EXERCISE DIRECTIONS
Your output should be the lines below from the one holding "2009 Commemortaive First" through the one holding "Lais Puzzle - Kratersee", transcribed exactly, with no pictures.

DATA FOR THIS EXERCISE

● ● ● ●

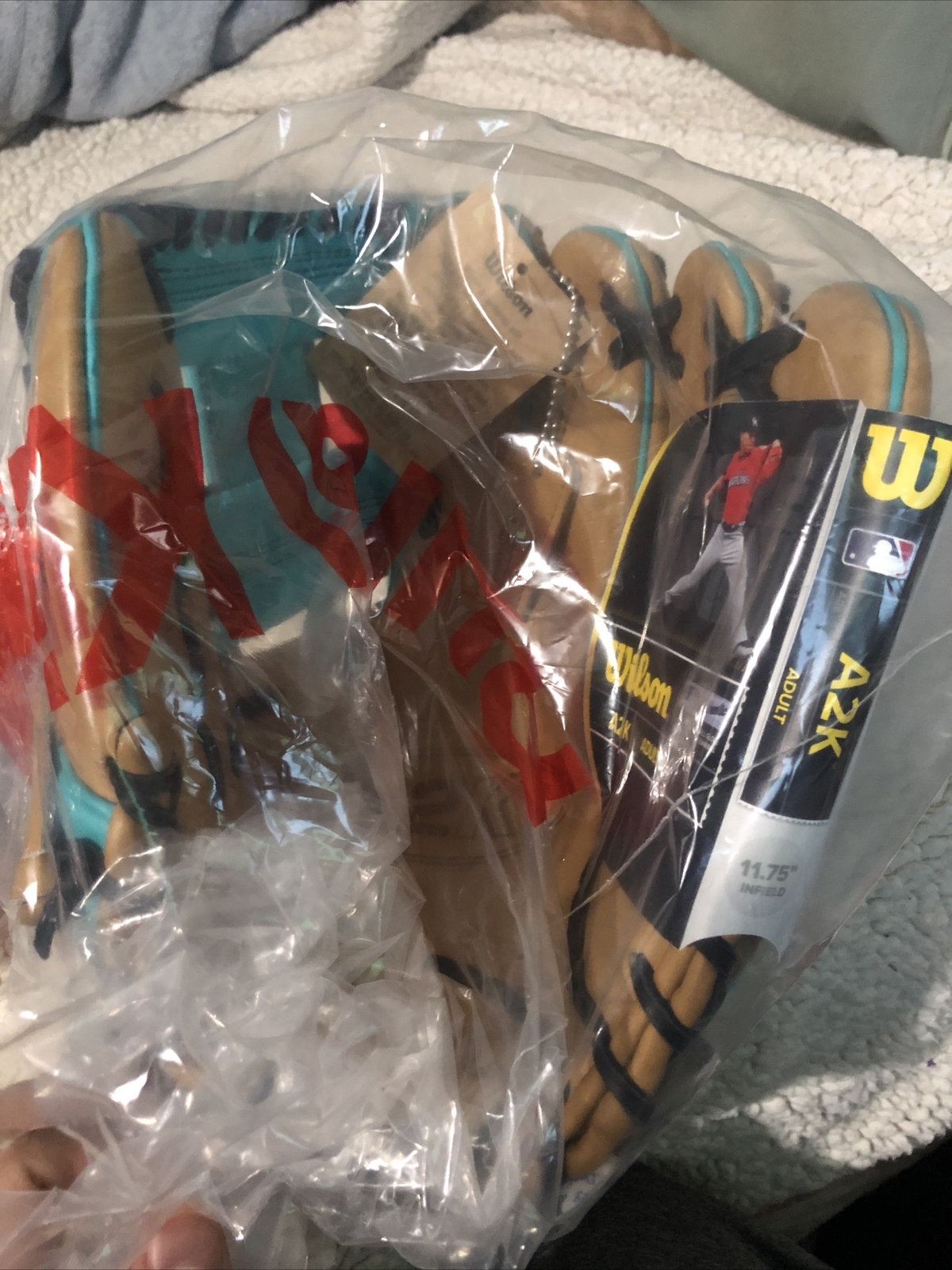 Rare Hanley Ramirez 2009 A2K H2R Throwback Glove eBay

● ● ● ●

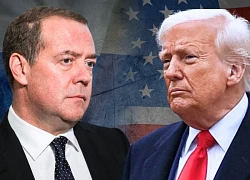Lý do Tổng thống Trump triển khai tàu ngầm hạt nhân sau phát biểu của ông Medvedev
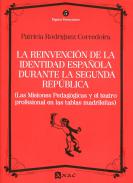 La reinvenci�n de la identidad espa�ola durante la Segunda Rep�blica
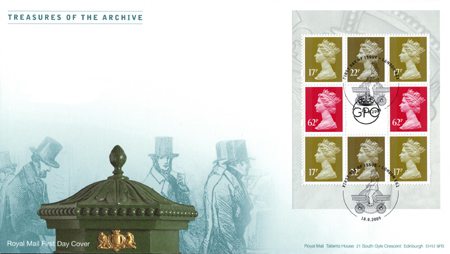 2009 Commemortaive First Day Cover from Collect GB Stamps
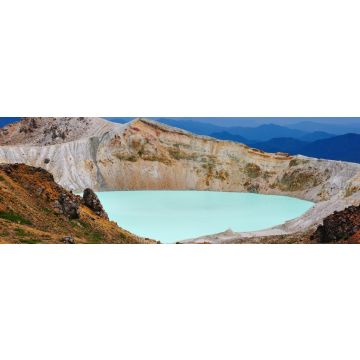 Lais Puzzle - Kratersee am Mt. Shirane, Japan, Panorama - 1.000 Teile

● ● ● ●

RESPONSE TO THE EXERCISE
 2009 Commemortaive First Day Cover from Collect GB Stamps
 Lais Puzzle - Kratersee am Mt. Shirane, Japan, Panorama - 1.000 Teile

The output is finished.